Unconventional Ferroelectric Transition in the Multiferroic Compound ${\mathrm{TbMnO}}_3$ Revealed by the Absence of an Anomaly in $c$-Polarized Phonon Dispersion

${\mathrm{TbMnO}}_3$ exhibits a spontaneous electric polarization along $\mathit{c}$ concomitantly with a spiral spin ordering modulated along $\mathit{b}$ below $T_C=28\mathrm{K}$. We have performed inelastic x-ray scattering measurements on a single crystal of ${\mathrm{TbMnO}}_3$ to clarify whether phonon anomalies related to the ferroelectricity exist. We measured transverse modes, especially the Mn-O-Mn bending mode polarized along $\mathit{c}$ and propagating along $\mathit{b}$, which we expect is most relevant to the ferroelectricity.
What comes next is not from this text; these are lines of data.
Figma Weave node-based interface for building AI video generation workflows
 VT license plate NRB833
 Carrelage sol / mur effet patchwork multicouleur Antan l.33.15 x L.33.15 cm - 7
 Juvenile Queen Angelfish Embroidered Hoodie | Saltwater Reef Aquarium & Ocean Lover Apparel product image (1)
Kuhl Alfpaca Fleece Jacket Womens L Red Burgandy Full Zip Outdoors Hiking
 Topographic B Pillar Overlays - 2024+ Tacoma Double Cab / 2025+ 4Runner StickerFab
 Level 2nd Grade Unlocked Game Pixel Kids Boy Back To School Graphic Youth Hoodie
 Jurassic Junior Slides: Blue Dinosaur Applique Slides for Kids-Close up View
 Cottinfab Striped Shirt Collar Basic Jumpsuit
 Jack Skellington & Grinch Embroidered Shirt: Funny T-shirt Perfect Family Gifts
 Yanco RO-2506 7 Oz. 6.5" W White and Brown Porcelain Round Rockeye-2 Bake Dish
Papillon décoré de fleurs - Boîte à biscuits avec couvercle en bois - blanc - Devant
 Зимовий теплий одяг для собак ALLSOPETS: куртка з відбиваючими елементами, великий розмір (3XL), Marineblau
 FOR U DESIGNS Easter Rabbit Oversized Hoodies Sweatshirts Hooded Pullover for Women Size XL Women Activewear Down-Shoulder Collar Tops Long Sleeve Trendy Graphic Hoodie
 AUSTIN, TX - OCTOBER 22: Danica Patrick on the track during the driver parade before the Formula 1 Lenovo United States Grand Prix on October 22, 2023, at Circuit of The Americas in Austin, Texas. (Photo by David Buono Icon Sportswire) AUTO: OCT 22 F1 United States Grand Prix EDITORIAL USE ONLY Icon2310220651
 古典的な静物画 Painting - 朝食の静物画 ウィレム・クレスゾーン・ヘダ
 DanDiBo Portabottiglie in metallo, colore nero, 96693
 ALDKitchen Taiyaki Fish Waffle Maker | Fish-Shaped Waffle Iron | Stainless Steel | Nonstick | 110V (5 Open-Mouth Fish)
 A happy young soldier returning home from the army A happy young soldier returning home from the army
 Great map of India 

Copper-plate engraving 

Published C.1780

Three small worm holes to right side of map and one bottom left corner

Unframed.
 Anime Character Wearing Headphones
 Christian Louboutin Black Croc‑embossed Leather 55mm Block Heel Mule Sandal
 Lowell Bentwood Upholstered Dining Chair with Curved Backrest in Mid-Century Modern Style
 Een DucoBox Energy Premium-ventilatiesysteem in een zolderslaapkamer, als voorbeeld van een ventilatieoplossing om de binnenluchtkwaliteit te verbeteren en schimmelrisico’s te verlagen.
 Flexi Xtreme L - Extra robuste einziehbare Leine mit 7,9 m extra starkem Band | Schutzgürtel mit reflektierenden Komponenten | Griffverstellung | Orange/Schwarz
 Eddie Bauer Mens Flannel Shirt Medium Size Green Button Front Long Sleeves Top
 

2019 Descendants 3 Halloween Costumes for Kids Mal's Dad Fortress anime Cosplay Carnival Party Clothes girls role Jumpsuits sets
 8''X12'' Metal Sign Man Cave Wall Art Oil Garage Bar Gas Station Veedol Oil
However, no anomaly was found in the phonon dispersion below 50 meV across $T_C$. The present result suggests that the mechanism of ferroelectricity in ${\mathrm{TbMnO}}_3$ is different from that of a conventional displacive-type ferroelectric. The weak coupling between electric polarization and lattice in ${\mathrm{TbMnO}}_3$ strongly suggests that the ferroelectricity is mainly derived from the spiral spin ordering.

Figure 1

Schematic of the cycloidal spiral ordering of manganese spins, displacements of oxygen ions, and induced electric polarizations in ${\mathrm{TbMnO}}_3$. Circles indicated by “Mn” and “O” represent manganese ions and oxygen ions. Arrows on the manganese ions and those indicated by “P” represent manganese spins and electric polarizations. For oxygen ions, open and closed circles show their original and displaced positions, respectively. (a) The case when spins rotate counterclockwise. (b) The case when spins rotate clockwise.

Figure 2

(a), (b) IXS intensity map on the $q\mathrm{\text{−}}\hslash \omega$ plane measured near Bragg point (0,-2,7) along the ${\mathit{b}}^{*}$ direction at (a) $T=35\mathrm{K}$ and (b) $T=11\mathrm{K}$. (c) Calculated dispersion curve and IXS intensity of phonons propagating along the ${\mathit{b}}^{*}$ axis near (0,-2,7).

Figure 3

IXS spectra measured at $\mathit{Q}=(0,-2+q,7)$ at $T=11$, 27, 35, and 50 K. (a) Spectra near the $\Gamma$ point (at $q=0.05$), (b) near the wave vector of the magnetic structure (at $q=0.29$), and (c) near the wave vector of the lattice modulation (at $q=0.53$).

Figure 4

Temperature dependence of high-energy part of IXS spectra measured at $\mathit{Q}=(0,0,6)+\mathit{q}$ and $(0,0,7)+\mathit{q}$ with $\mathit{q}\parallel {\mathit{b}}^{*}$. The measured positions are (a) (0,0.19,6), (b) (0,0.31,6), (c) (0,0.44,6), (d) (0,0.06,7), (e) (0,0.19,7), and (f) (0,0.31,7). Open and closed circles show data measured at $T=11$ and at $T=35\mathrm{K}$, respectively.